§ **ASSIGNMENT**:
Output must match the records, character for character.
· · ·
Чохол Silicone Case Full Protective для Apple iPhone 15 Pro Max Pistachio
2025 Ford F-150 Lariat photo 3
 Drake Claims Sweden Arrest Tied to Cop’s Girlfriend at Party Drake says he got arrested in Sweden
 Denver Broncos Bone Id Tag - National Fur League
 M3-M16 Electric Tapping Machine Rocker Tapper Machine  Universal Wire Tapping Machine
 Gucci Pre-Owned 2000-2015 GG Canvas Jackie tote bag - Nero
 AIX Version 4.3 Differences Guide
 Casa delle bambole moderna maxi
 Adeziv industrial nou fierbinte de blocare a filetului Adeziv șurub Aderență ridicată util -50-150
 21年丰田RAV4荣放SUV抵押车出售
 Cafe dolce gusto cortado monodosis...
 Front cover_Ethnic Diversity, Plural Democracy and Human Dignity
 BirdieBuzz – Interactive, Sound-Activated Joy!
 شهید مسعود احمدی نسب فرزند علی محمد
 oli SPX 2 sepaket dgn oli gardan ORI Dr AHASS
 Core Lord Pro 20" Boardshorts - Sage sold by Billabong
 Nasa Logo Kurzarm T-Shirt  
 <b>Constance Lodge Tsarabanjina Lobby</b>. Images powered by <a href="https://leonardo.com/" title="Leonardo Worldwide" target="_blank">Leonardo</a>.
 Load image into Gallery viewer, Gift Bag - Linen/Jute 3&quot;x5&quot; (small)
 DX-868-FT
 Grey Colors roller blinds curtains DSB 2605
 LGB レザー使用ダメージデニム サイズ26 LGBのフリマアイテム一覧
· · ·
§ **RESPONSE AREA**:
Чохол Silicone Case Full Protective для Apple iPhone 15 Pro Max Pistachio
2025 Ford F-150 Lariat photo 3
 Drake Claims Sweden Arrest Tied to Cop’s Girlfriend at Party Drake says he got arrested in Sweden
 Denver Broncos Bone Id Tag - National Fur League
 M3-M16 Electric Tapping Machine Rocker Tapper Machine  Universal Wire Tapping Machine
 Gucci Pre-Owned 2000-2015 GG Canvas Jackie tote bag - Nero
 AIX Version 4.3 Differences Guide
 Casa delle bambole moderna maxi
 Adeziv industrial nou fierbinte de blocare a filetului Adeziv șurub Aderență ridicată util -50-150
 21年丰田RAV4荣放SUV抵押车出售
 Cafe dolce gusto cortado monodosis...
 Front cover_Ethnic Diversity, Plural Democracy and Human Dignity
 BirdieBuzz – Interactive, Sound-Activated Joy!
 شهید مسعود احمدی نسب فرزند علی محمد
 oli SPX 2 sepaket dgn oli gardan ORI Dr AHASS
 Core Lord Pro 20" Boardshorts - Sage sold by Billabong
 Nasa Logo Kurzarm T-Shirt  
 <b>Constance Lodge Tsarabanjina Lobby</b>. Images powered by <a href="https://leonardo.com/" title="Leonardo Worldwide" target="_blank">Leonardo</a>.
 Load image into Gallery viewer, Gift Bag - Linen/Jute 3&quot;x5&quot; (small)
 DX-868-FT
 Grey Colors roller blinds curtains DSB 2605
 LGB レザー使用ダメージデニム サイズ26 LGBのフリマアイテム一覧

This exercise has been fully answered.